Метонимическая природа этой поэтической (гносеологической!) метафоры (и —
автометафоры поэта) отчётливо и недвусмысленно
идентифицирует неадекватность истины — правде. Идти, не касаясь правды, — к
истине, где зрелость и спелость существует в разных сферах бытия: спелость
правды близка к зрелости истины, и поэтому всякий получит (с лихвой!) и любовь,
и веру. Любовь — сначала. Веру — после любви. Вот истинная, мощная и
мужественная нежность бытия и поэзии Натальи Поляковой.
Говорят за глаза и вешают за глаза
На нитке от ветки до ветки.
Висишь и сохнешь, и редкая стрекоза
Навестит тебя. И дожди редки.
Сохнешь по морю, поджав плавник,
Жабры открыв на просушку.
А вечер к пивному бочонку приник,
Льёт пену в стеклянную кружку.
Но если представить, что нитки нет,
Нет боли в прошитых глазницах.
И горе — не море. И горя нет.
И рыба — немного птица.
Здесь поэт разводит быт (социальное, обывательское) и бытие
(онтологическое): быт — вниз, бытие — вверх, туда, где оно и должно быть, — в
небо. В небо, но прямо из сердца, из себя, из груди, из души. Вот почему рыба
летает. А птица — плавает. В небе.
Тоньше перо чертёжное, тени резче.
Переходя со звучащего на немое,
Чётче музыка ангельской речи,
Ветра пение горловое.
Час от часу ноша легче.
Быть счастливым как быть влюблённым
В звёздный свет, мерцающий на
конечной
Красным. Потом зелёным.
Великолепное стихотворение. Такие стихи пишутся только тогда, когда автор
имеет весомый душевный и духовный опыт жизни с жизнью, с пустотой, с любовью, с
обязательным неизбежным одиночеством поэта и с поэзией (Поэзия здесь — не
стихотворчество, не литература, а связь всего со всем: и ужас, и красота, и
пустота, и нежность). Наталья Полякова — поэт нежный и поэт нежности: нежность
(как духовное состояние) — это не столько отношение, сколько осуществление
синтеза, полного и живого, — поэта с предметом (замечу: любым!) поэтического
познания, которое чаще всего более эффективно происходит в процессе не только
перевода, но и перехода со звучащего — на немое.
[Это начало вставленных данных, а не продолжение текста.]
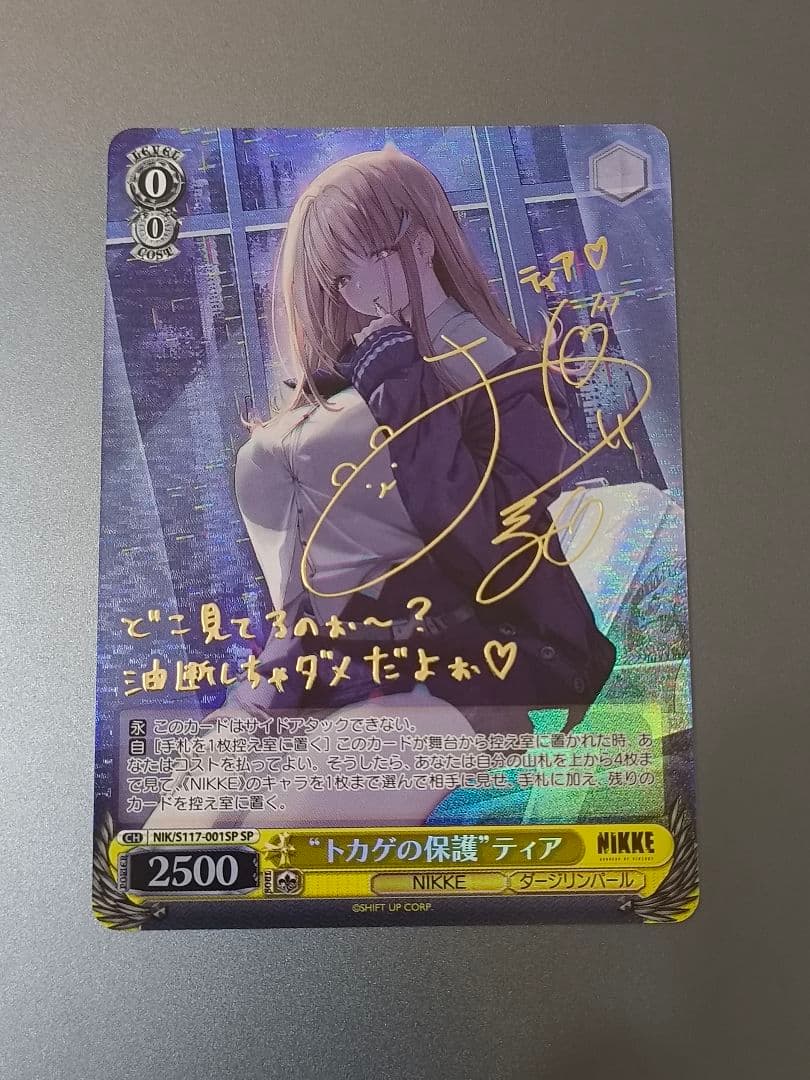 ヴァイスシュヴァルツ NIKKE トカゲの保護 ティア SP サイン WS】“トカゲの保護”ティア(サイン)【SP】NIK/S117-001SP - C-labo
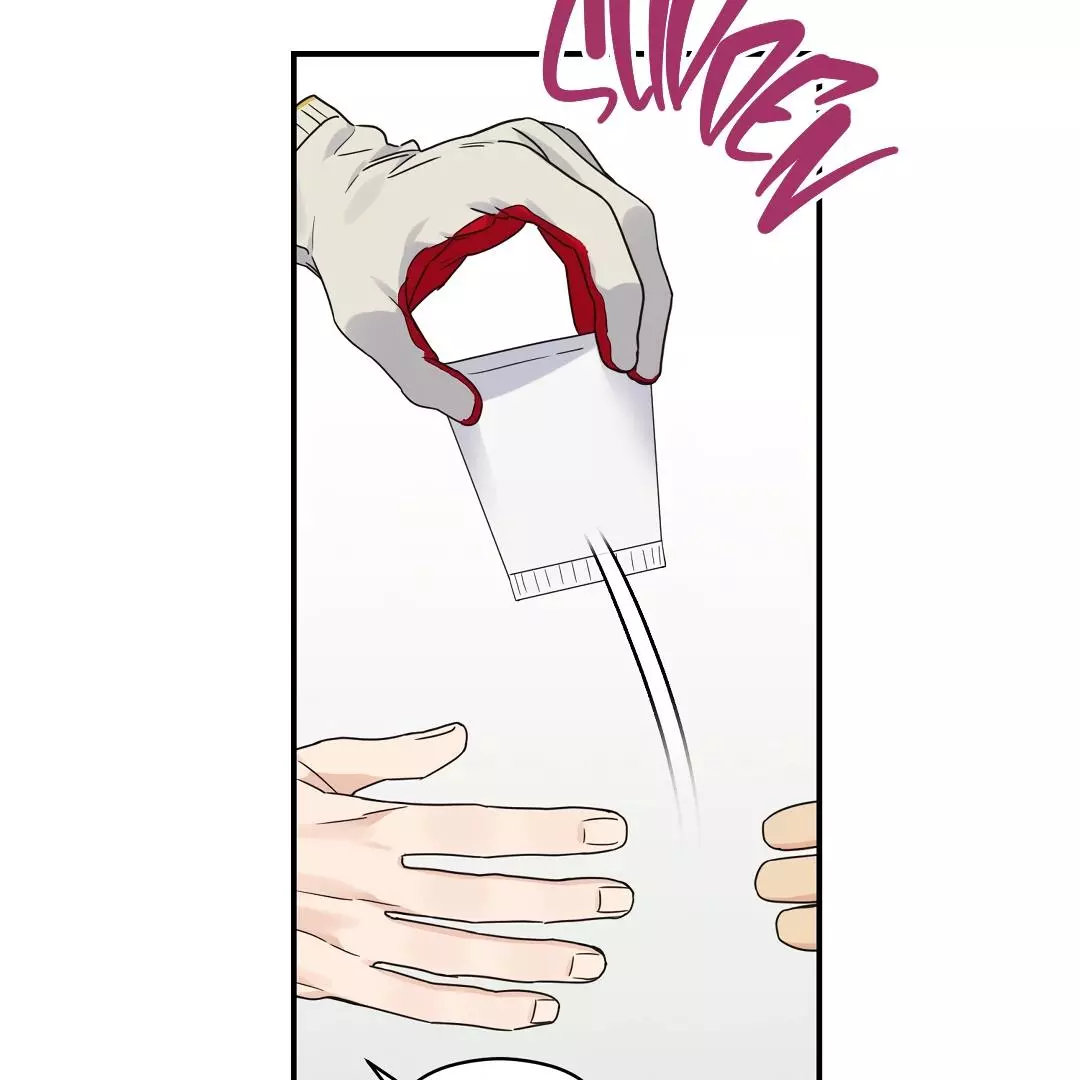 Alpha Trauma Chapter 7 page 98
когда-нибудь наступит ничего
похожее на огонёк болотный
на лист кувшинки из бумаги плотной
на стан покинутый охотничий и нотный
ты отлучён в изгнании своём
от жеста рук в значении прощальном
от папиросы в тамбуре печальном
от дыма над пустым речным причалом
как распознать мне это ничего
какие призраки у этого ничто и
как угадать задёргивать ли шторы
зеркал уняв пустые разговоры
и всюду быть отсутствуя во всём
Вот — поэтическое прямоговорение. Говорение
языком о том, чего в языке нет: о невыразимом. Шум невыразимого слушают все,
слышат — единицы. Поэзия Натальи Поляковой перенаполнена
таким шумом…
Иногда поленницы падают. Они сначала кривеют, выпячивают свои отдельные
части (чаще посередине — «пузатеют»), потом начинают
покачиваться, двигаться, будто собираются не упасть и рассыпаться, а —
покатиться, покатиться в огонь, в лес. В лес — в огонь. В огонь — чтобы
вставать дымом — над лесом и деревней — до неба. Поэзия (в своём вербализованном виде), что бы с ней ни происходило, всегда
остаётся поэзией. Остаётся словом. Остаётся шумом. Неслышным, но всегда — и
вездесущим шумом. Шумом нежности. Шумом поэзии.